딥 러닝 - MNIST 데이터

이상해씨·2021년 12월 11일

딥 러닝

목록 보기

4/10

◾MNIST 데이터

- 데이터 읽기

Tensorflow에서 MNIST를 제공한다.
각 픽셀이 255값이 최대값이여서 0~1사이의 값으로 조정(일종의 Min Max Scaler)

import tensorflow as tf
import numpy as np
import pandas as pd

mnist = tf.keras.datasets.mnist

(X_train, y_train), (X_test, y_test) = mnist.load_data()
X_train, X_test = X_train / 255.0, X_test / 255.0

X_train.shape, X_test.shape, y_train.shape, y_test.shape

- 데이터 정리

One hot Encoding을 진행해야하지만 loss 함수를 sparse_categorical_crossentropy로 설정하면 같은 효과를 낼 수 있다.

- 모델 구현

784개의 입력, 1000개의 노드를 가진 Layer, 10개의 출력으로 구성

model = tf.keras.Sequential([
    tf.keras.layers.Flatten(input_shape=(28, 28)),
    tf.keras.layers.Dense(1000, activation='relu'),
    tf.keras.layers.Dense(10, activation='softmax')
])

model.compile(optimizer='adam', loss='sparse_categorical_crossentropy', metrics=['accuracy'])
model.summary()

- 모델 학습

hist = model.fit(X_train, y_train, validation_data=(X_test, y_test), epochs=10, batch_size=100, verbose=1)

- 모델 결과

결과 그리기

import matplotlib.pyplot as plt

plot_target = ['loss', 'val_loss', 'accuracy', 'val_accuracy']

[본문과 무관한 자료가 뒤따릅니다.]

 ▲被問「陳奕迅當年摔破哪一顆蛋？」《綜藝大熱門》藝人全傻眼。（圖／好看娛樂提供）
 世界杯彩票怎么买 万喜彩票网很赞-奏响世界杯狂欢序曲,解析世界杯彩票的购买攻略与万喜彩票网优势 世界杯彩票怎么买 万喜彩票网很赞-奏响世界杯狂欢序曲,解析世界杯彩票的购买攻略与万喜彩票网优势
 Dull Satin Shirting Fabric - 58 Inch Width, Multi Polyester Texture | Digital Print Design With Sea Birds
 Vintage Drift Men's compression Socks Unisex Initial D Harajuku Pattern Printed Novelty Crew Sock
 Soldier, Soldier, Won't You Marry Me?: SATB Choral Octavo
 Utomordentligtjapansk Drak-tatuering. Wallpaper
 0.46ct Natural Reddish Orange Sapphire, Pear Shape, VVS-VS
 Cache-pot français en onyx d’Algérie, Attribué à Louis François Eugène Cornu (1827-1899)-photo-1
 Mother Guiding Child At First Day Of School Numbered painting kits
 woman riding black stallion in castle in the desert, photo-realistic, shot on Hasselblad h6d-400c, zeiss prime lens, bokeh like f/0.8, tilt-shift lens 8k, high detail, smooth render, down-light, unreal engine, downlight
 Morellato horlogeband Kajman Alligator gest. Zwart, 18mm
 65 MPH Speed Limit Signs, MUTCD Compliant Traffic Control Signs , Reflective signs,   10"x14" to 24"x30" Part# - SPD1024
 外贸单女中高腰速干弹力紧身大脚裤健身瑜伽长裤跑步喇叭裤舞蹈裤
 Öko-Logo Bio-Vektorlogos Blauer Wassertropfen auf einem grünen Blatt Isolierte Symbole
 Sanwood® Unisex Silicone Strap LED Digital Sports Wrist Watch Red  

plt.figure(figsize=(12, 8))
for each in plot_target:
    plt.plot(hist.history[each], label=each)
plt.legend()
plt.grid()
plt.show()

결과 확인(evaluate)

score = model.evaluate(X_test, y_test)
print('Test loss : {}'.format(score[0]))
print('Test accuracy : {}'.format(score[1]))

- 잘못 예측한 경우 확인

예측 확률이 높은 경우 해당 값을 선택한다.
np.argmax : 각 행(axis=1), 열(axis=0)에서의 최대값의 인덱스를 반환한다.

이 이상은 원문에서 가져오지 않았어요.